Tokenization, or How I Learned to Stop Worrying and Love the Vault

A handbook for using tokenization for card payments

Jan 08, 2024

Welcome to Money In Transit, the newsletter for startup founders who find themselves dragged into payments technology. I’m Alvaro Duran.

Today’s post deals with a widespread but not well-understood technology for securing card payments. You may have heard that tokens are “a placeholder for the actual card number”, but have never delved deeper into how it all works.

This is your chance to learn more.

Consider sharing this post with a founder who wants to start doing some analytics on their payment data.

Right now, somewhere, there is a database with millions of rows that contain social security numbers in plain text, unscrambled. For everyone to see.

A Jackpot for hackers.

Early stage startup founders are often dismissive when it comes to security. They are so laser focused on Priority Number One that they even “forget” about keeping things moderately safe.

If I had a dollar every time I heard the phrase “Yeah, we’re not rotating our API keys yet, but we will, someday”...

Scale ups treat security a little bit better, because they see it as a necessary evil. But they almost never invest enough in it. That’s because when a data breach happens, it is often the users, and not the company, who feel the pain.

This is Cybersecurity’s Elephant in the Room: it seldom makes economic sense for companies to secure their data. That’s why regulators have had to step in and gradually build a comprehensive set of rules and restrictions that companies have to follow when it comes to their users’ data.

Or else.

This has happened in card payments, with a twist: the regulators didn’t come from the public sphere. No, they came from Visa, Mastercard, and the rest of the payment schemes.

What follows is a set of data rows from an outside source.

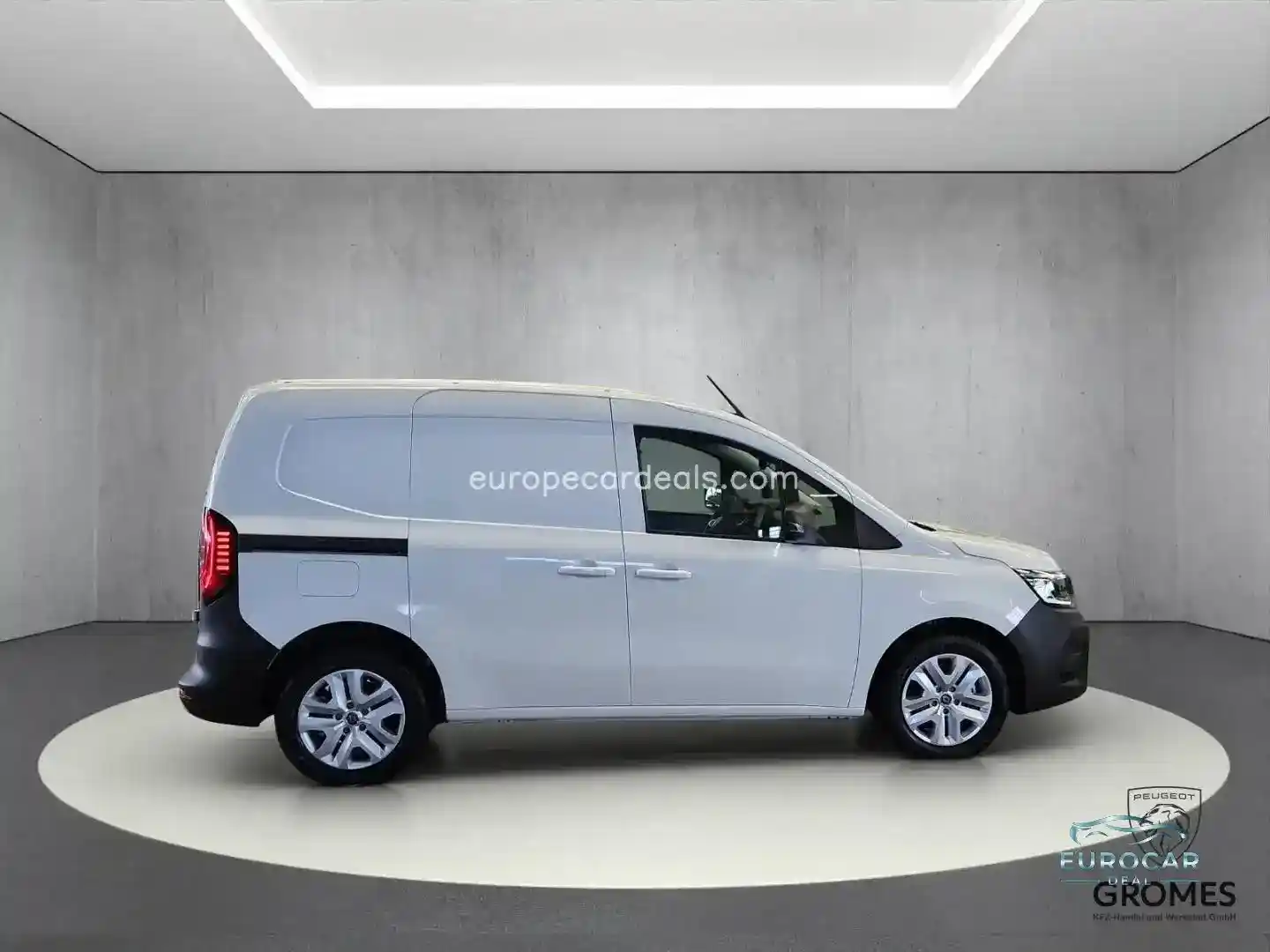 Renault Kangoo E-TECH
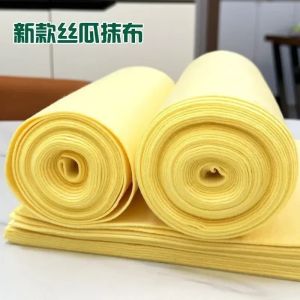 Khăn Lau Nhà Bằng Lưới Dưa Chuột 3m Dài Thấm Nước Dùng Để Rửa Bát Chống Dầu Dùng Trong Nhà Bếp Khăn Lau Nhà DULEWA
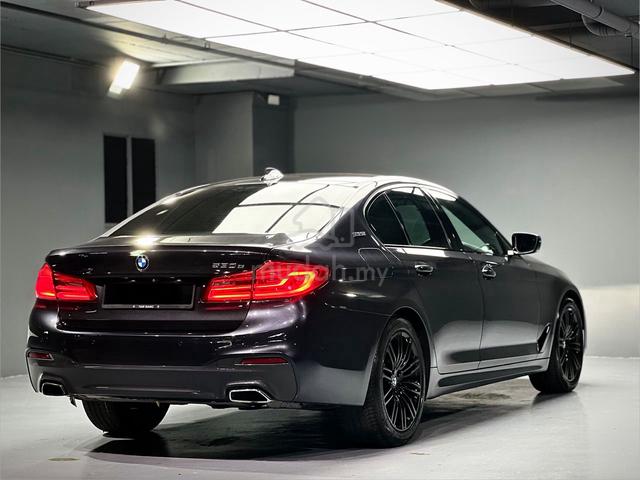 BMW 530e 2.0 MSport 2019 3YearsWarranty FuSrvcRcrd - 4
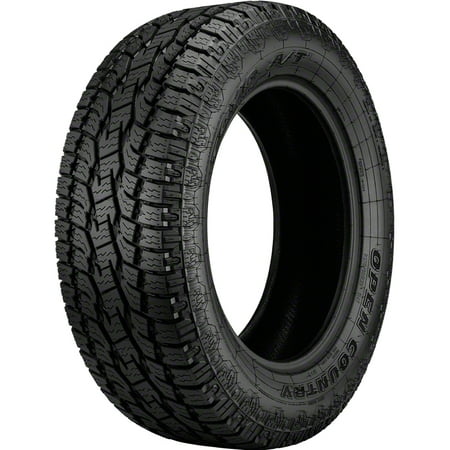 Toyo open country a/t ii lt275/70r18 125s e (10 ply)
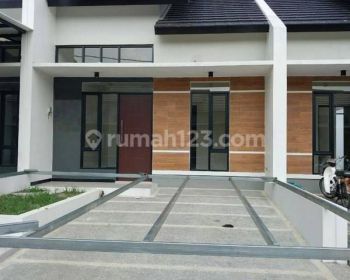 Rumah di Taman Kopo Indah Siap Huni Strategis Dekat Tol Margaasih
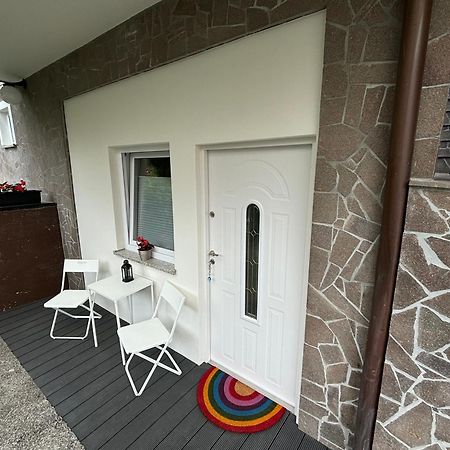 Apartment Jang Толмин Экстерьер фото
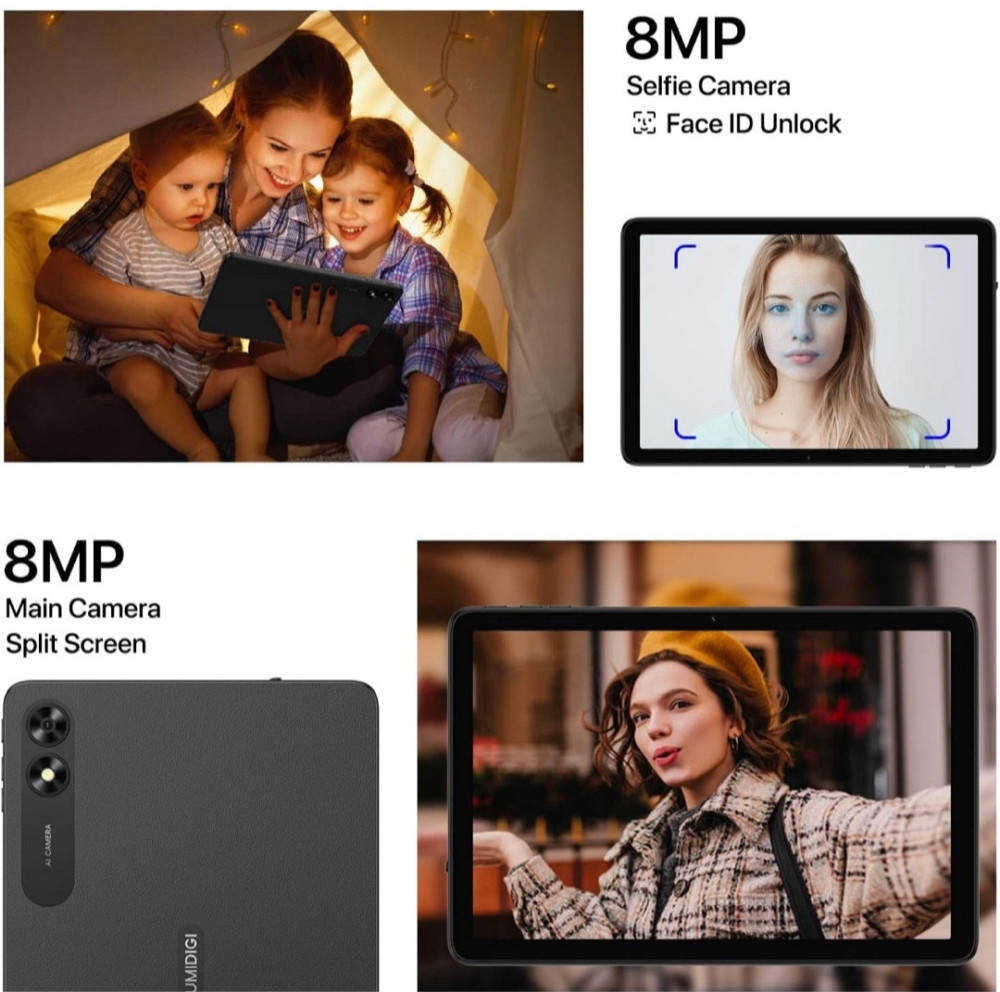Планшет 10.1" UMIDIGl G3 3/32Gb. 4G 4 ядра. Київ - фото 2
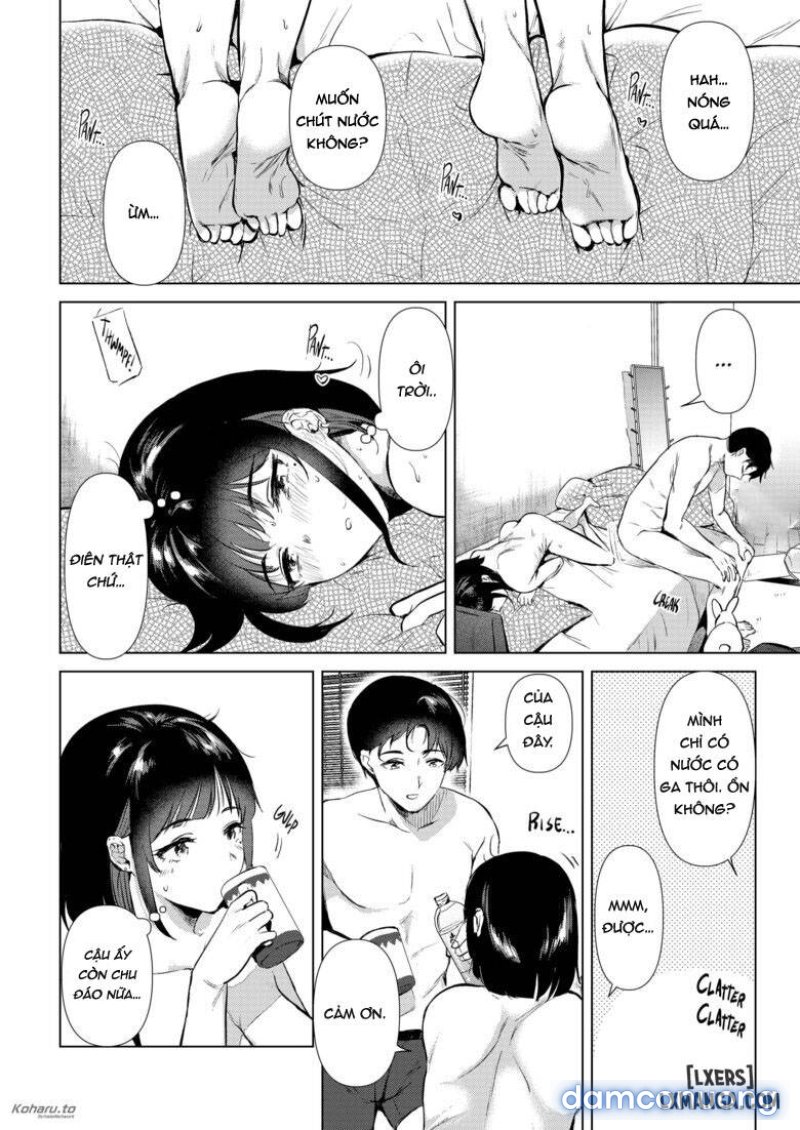 Cuối tuần này cậu rảnh chứ? Oneshot - Trang 25 - Dâm Cô Nương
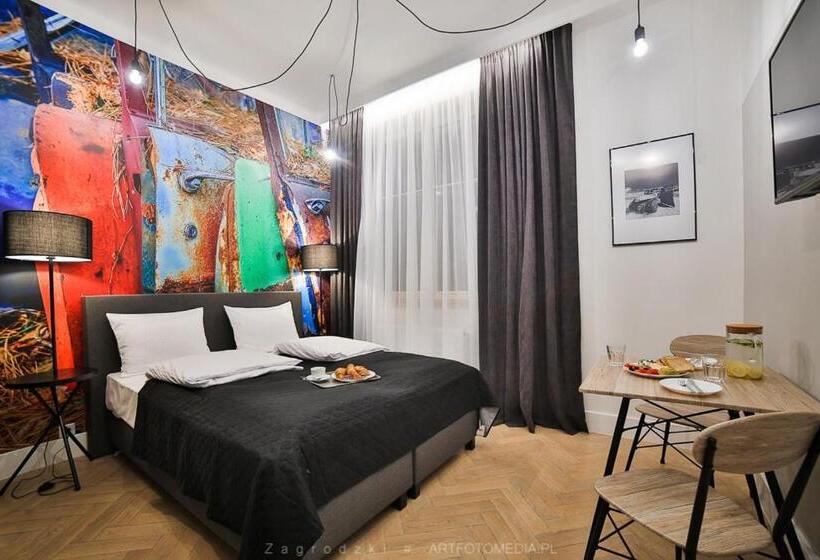 آپارتمان سوپریور 1 خوابه, Saint Thomas Corner   By Upstairs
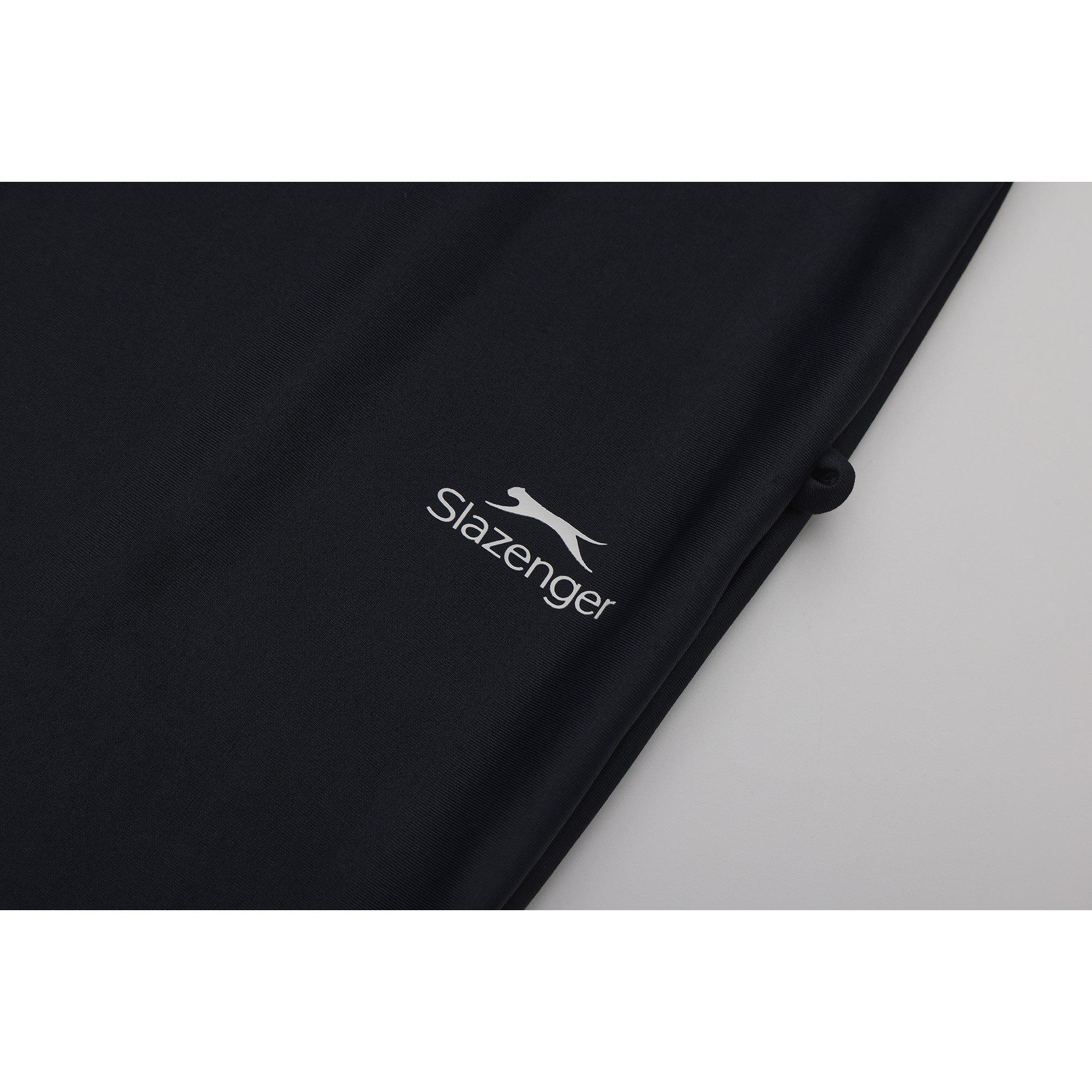 Black/Pink - Slazenger - 3pc Burkini Set Women - 12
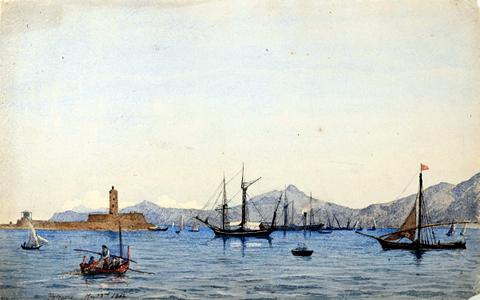 A View of Palermo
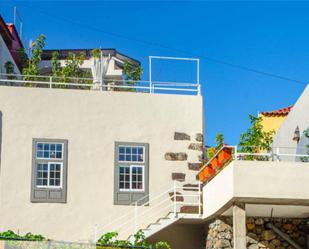 Vista exterior de Casa o xalet en venda en Tazacorte amb Terrassa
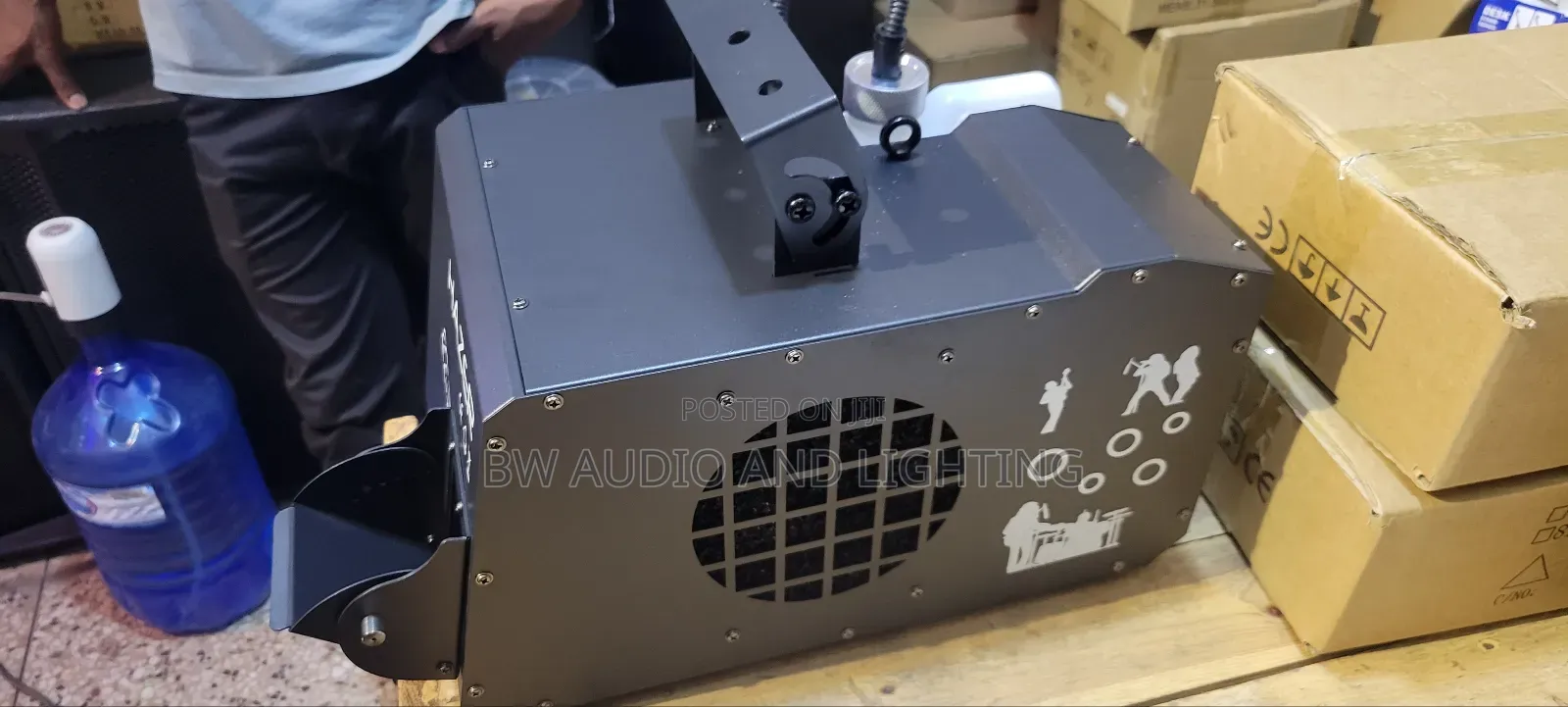Haze Machine 1500W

Sick of credit card fraud, but sicker about the idea that card payments could become so wild-west-y that people reverted back to cash, they ended up forming a regulatory council and a standard commonly known as PCI.

This standard is designed to guarantee the security of the card payment ecosystem. Every participant has to adhere to a set of strict rules and audits, or be subject to fees. Or worse: being unable to accept card payments.

That, online, is synonymous with death.

One of the most recent techniques to protect cardholder data is tokenization. However, even the most important book on payments nowadays has only a petty paragraph about it:

PCI compliance is an important step, but it is becoming evident that attacks are still possible. Several other initiatives are underway to further protect card data, including tokenization (which substitutes a placeholder number for the actual card number) and end-to-end encryption (to protect card data from being entered into point-of-sale acceptance locations).
— Payments Systems in the US

That is an understatement. In my opinion, tokenization has become one of the most powerful ways to reduce the associated costs of PCI compliance.

Why? Because, unlike any other security measure, it isolates the parts of your payment applications that are “in scope” for PCI.

Without tokenization, your whole payment application is subject to strict controls, specialized hardware, having-a-colonoscopy-performed-on-you levels of audits, etc.

With tokenization, startups can direct their auditors to look at those isolated parts more closely, and leave everything else alone.

Curious to learn more? Let’s dive in.

Under the Assumption of Breach

Sensitive data can be protected in two, non-mutually exclusive ways. One way is to secure how the application handles the data. This is the domain of encryption, or how to prevent a breach from happening. This means protecting communications (called encryption in transit) or protecting the database (called encryption at rest).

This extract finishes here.